He makes a compelling case.

It’s curious but prophets have always predicted the end of the world. Apart from such a grim forecast’s imaginative possibilities, have those “ancient” prophets been onto something? Were they somehow in touch with a deep human reality? A logical conclusion following our behavior? And what does that all say about today? To what extent does superstition and a lively imagination mix with reality? Since today it is thoroughly possible for humanity to extinguish itself. And corporate power and greed would play no small part.

That corporate hegemony is growing is undeniable. Those of us of a certain age have watched the corporate world grow.

What’s greater, for example, here in the United States? An overall corporate culture as it appears in all our products, advertising, popular music, movies, etc.? Or the grassroots, where cultural advances have always in the past developed? From New Orleans whore houses to Florence in the Renaissance to Montmartre in 1890? Today, when we look about, it appears as if the corporate center has the edge, defining much of popular culture. As for “high” culture, it appears to hardly exist.

Are we merely jittery about this “brave new world,” the corporation and all its satellites? Obama has promised to put corporate power in its place. But he already appears to have been swallowed up by that greater power.

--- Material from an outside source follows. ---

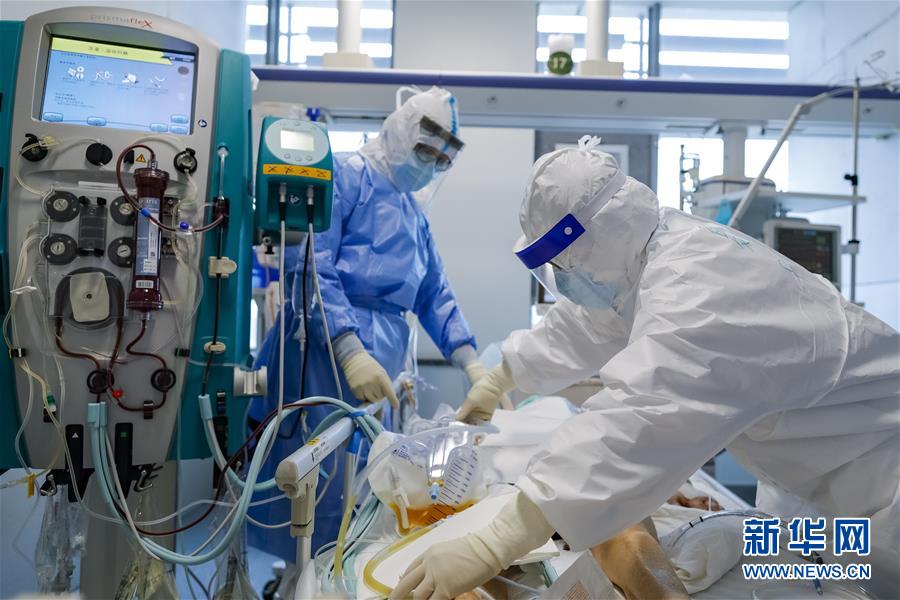 (聚焦疫情防控)(4)湖北重癥危重癥患者首降至兩位數(shù)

But the people comprise a mighty legion. We could change the world if we decided to. Ah, isn’t that an irony? We are constantly hemmed in by ironies. and contradictions. The overall flow of both power and culture in recent times has been dominated by corporations. And conspiracy theorists aside there is no central loci of all corporate power. Just as your author says. Though CEOs often see eye to eye.

Your author makes many very interesting points. And he may be onto the overall trend in recent times.